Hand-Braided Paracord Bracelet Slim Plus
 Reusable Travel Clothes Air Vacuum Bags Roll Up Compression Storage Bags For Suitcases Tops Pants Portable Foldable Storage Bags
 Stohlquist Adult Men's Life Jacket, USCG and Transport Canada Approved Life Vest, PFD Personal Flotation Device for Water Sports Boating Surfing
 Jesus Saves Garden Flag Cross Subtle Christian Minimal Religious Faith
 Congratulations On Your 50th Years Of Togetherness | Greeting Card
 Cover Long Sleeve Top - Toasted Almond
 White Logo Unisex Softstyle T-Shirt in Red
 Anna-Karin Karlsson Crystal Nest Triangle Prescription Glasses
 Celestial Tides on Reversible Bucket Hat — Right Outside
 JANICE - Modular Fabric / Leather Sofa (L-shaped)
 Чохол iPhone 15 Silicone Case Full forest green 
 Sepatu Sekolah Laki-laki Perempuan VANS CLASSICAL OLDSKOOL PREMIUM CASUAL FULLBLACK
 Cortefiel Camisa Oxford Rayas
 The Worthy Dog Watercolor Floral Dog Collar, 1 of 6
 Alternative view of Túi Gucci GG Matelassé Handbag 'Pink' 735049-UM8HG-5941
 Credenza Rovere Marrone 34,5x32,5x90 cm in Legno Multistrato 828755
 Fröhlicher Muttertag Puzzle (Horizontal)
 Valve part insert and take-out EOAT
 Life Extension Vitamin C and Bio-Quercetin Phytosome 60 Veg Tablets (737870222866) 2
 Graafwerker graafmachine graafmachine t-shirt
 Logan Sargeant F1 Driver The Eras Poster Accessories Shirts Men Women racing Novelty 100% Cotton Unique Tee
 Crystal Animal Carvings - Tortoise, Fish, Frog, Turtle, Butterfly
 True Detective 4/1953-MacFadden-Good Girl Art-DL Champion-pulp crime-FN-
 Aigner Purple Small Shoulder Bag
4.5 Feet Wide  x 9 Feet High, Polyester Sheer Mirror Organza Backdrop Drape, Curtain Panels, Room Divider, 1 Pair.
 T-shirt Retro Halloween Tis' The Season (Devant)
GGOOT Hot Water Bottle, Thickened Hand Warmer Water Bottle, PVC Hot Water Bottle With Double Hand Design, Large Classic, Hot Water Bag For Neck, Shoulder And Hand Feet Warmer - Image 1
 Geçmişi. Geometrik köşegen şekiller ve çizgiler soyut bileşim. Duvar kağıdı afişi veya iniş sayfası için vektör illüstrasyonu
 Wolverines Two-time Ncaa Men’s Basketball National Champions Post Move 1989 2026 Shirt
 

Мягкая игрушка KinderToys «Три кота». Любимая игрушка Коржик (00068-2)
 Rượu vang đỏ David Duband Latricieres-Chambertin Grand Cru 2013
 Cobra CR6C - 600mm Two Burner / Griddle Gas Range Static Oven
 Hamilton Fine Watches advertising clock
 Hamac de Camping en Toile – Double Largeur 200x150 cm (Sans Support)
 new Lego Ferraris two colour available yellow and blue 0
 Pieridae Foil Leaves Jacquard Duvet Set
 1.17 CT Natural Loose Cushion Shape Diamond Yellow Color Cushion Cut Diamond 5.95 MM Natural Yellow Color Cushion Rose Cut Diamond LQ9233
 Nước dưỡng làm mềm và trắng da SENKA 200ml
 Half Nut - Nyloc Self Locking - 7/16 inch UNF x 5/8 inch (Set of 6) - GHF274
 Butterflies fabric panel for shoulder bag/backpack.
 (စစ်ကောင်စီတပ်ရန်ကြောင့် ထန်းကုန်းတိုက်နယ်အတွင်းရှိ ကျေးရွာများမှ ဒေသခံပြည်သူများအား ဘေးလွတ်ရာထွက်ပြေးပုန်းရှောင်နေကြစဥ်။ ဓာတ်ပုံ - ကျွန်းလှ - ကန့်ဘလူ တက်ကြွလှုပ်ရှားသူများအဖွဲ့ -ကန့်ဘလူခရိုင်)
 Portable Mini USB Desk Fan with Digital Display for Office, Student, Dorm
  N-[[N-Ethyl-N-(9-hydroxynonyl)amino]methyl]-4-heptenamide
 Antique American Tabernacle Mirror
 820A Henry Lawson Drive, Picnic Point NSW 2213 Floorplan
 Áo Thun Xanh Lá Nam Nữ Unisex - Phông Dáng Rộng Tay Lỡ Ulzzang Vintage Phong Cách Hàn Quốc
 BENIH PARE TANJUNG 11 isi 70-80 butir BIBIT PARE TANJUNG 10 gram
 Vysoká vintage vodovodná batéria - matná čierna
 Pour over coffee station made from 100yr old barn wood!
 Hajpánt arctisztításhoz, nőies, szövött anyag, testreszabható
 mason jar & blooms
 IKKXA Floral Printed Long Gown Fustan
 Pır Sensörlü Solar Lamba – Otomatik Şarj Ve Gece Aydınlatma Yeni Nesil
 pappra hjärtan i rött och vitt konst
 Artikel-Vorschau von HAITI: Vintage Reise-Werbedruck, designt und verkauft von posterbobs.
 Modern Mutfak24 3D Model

* * * * * * * * *

→ HOW TO COMPLETE THIS TASK:
A complete and exact transcription of the material is required.

→ FINAL ANSWER:
Hand-Braided Paracord Bracelet Slim Plus
 Reusable Travel Clothes Air Vacuum Bags Roll Up Compression Storage Bags For Suitcases Tops Pants Portable Foldable Storage Bags
 Stohlquist Adult Men's Life Jacket, USCG and Transport Canada Approved Life Vest, PFD Personal Flotation Device for Water Sports Boating Surfing
 Jesus Saves Garden Flag Cross Subtle Christian Minimal Religious Faith
 Congratulations On Your 50th Years Of Togetherness | Greeting Card
 Cover Long Sleeve Top - Toasted Almond
 White Logo Unisex Softstyle T-Shirt in Red
 Anna-Karin Karlsson Crystal Nest Triangle Prescription Glasses
 Celestial Tides on Reversible Bucket Hat — Right Outside
 JANICE - Modular Fabric / Leather Sofa (L-shaped)
 Чохол iPhone 15 Silicone Case Full forest green 
 Sepatu Sekolah Laki-laki Perempuan VANS CLASSICAL OLDSKOOL PREMIUM CASUAL FULLBLACK
 Cortefiel Camisa Oxford Rayas
 The Worthy Dog Watercolor Floral Dog Collar, 1 of 6
 Alternative view of Túi Gucci GG Matelassé Handbag 'Pink' 735049-UM8HG-5941
 Credenza Rovere Marrone 34,5x32,5x90 cm in Legno Multistrato 828755
 Fröhlicher Muttertag Puzzle (Horizontal)
 Valve part insert and take-out EOAT
 Life Extension Vitamin C and Bio-Quercetin Phytosome 60 Veg Tablets (737870222866) 2
 Graafwerker graafmachine graafmachine t-shirt
 Logan Sargeant F1 Driver The Eras Poster Accessories Shirts Men Women racing Novelty 100% Cotton Unique Tee
 Crystal Animal Carvings - Tortoise, Fish, Frog, Turtle, Butterfly
 True Detective 4/1953-MacFadden-Good Girl Art-DL Champion-pulp crime-FN-
 Aigner Purple Small Shoulder Bag
4.5 Feet Wide  x 9 Feet High, Polyester Sheer Mirror Organza Backdrop Drape, Curtain Panels, Room Divider, 1 Pair.
 T-shirt Retro Halloween Tis' The Season (Devant)
GGOOT Hot Water Bottle, Thickened Hand Warmer Water Bottle, PVC Hot Water Bottle With Double Hand Design, Large Classic, Hot Water Bag For Neck, Shoulder And Hand Feet Warmer - Image 1
 Geçmişi. Geometrik köşegen şekiller ve çizgiler soyut bileşim. Duvar kağıdı afişi veya iniş sayfası için vektör illüstrasyonu
 Wolverines Two-time Ncaa Men’s Basketball National Champions Post Move 1989 2026 Shirt
 

Мягкая игрушка KinderToys «Три кота». Любимая игрушка Коржик (00068-2)
 Rượu vang đỏ David Duband Latricieres-Chambertin Grand Cru 2013
 Cobra CR6C - 600mm Two Burner / Griddle Gas Range Static Oven
 Hamilton Fine Watches advertising clock
 Hamac de Camping en Toile – Double Largeur 200x150 cm (Sans Support)
 new Lego Ferraris two colour available yellow and blue 0
 Pieridae Foil Leaves Jacquard Duvet Set
 1.17 CT Natural Loose Cushion Shape Diamond Yellow Color Cushion Cut Diamond 5.95 MM Natural Yellow Color Cushion Rose Cut Diamond LQ9233
 Nước dưỡng làm mềm và trắng da SENKA 200ml
 Half Nut - Nyloc Self Locking - 7/16 inch UNF x 5/8 inch (Set of 6) - GHF274
 Butterflies fabric panel for shoulder bag/backpack.
 (စစ်ကောင်စီတပ်ရန်ကြောင့် ထန်းကုန်းတိုက်နယ်အတွင်းရှိ ကျေးရွာများမှ ဒေသခံပြည်သူများအား ဘေးလွတ်ရာထွက်ပြေးပုန်းရှောင်နေကြစဥ်။ ဓာတ်ပုံ - ကျွန်းလှ - ကန့်ဘလူ တက်ကြွလှုပ်ရှားသူများအဖွဲ့ -ကန့်ဘလူခရိုင်)
 Portable Mini USB Desk Fan with Digital Display for Office, Student, Dorm
  N-[[N-Ethyl-N-(9-hydroxynonyl)amino]methyl]-4-heptenamide
 Antique American Tabernacle Mirror
 820A Henry Lawson Drive, Picnic Point NSW 2213 Floorplan
 Áo Thun Xanh Lá Nam Nữ Unisex - Phông Dáng Rộng Tay Lỡ Ulzzang Vintage Phong Cách Hàn Quốc
 BENIH PARE TANJUNG 11 isi 70-80 butir BIBIT PARE TANJUNG 10 gram
 Vysoká vintage vodovodná batéria - matná čierna
 Pour over coffee station made from 100yr old barn wood!
 Hajpánt arctisztításhoz, nőies, szövött anyag, testreszabható
 mason jar & blooms
 IKKXA Floral Printed Long Gown Fustan
 Pır Sensörlü Solar Lamba – Otomatik Şarj Ve Gece Aydınlatma Yeni Nesil
 pappra hjärtan i rött och vitt konst
 Artikel-Vorschau von HAITI: Vintage Reise-Werbedruck, designt und verkauft von posterbobs.
 Modern Mutfak24 3D Model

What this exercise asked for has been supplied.